それによりますと、エジプト側はラファへの地上作戦が強行されれば、避難民の流入で治安が悪化するおそれがあると懸念しているということで、会談ではイスラエルとの関係断絶につながる可能性があり、両国の平和条約を危うくすると警告したということです。

これに対して、イスラエル側は、軍事・外交面でのエジプトとの緊密な連携はラファの地上作戦での基本的な条件だと伝えたということです。

また、アクシオスによりますとイスラエル軍はアメリカ国防総省に対し、ラファへの地上作戦について、全域におよぶ全面侵攻ではなく、地区ごとに分け段階的に進めていく計画だと伝えたということです。

18か国首脳 ハマスに人質の即時解放 求める共同声明

アメリカなど18か国の首脳は25日、イスラム組織ハマスに対してガザ地区で拘束している人質を即時に解放するよう求める共同声明を発表しました。

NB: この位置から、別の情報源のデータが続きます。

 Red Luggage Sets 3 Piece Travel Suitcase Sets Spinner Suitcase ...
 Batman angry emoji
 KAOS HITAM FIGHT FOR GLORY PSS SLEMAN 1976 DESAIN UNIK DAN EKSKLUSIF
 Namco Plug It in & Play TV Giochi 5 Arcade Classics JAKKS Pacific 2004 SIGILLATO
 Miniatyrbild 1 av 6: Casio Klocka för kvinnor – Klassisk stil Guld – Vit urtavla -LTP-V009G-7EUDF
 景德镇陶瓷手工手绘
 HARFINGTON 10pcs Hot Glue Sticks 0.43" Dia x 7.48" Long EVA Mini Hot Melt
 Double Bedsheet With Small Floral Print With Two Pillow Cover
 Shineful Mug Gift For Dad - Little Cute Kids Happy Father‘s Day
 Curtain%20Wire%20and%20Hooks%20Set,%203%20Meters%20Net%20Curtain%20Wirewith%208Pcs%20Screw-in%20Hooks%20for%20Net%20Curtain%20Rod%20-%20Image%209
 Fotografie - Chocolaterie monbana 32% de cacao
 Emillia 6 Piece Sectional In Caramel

声明はアメリカのほか、ドイツやタイ、それにアルゼンチンなど、ハマスに自国民が拘束されているとする国々がまとめました。

声明では、人質たちは200日以上にわたってガザ地区で拘束されているとして、国際的な懸念事項だとしています。

その上で「われわれは自国民を連れ戻すための仲介努力を強く支持する」とした上で人質の解放に向けた交渉で提示されている案は、ガザ地区での即時かつ長期的な停戦をもたらし人道支援の増加を促すと強調しています。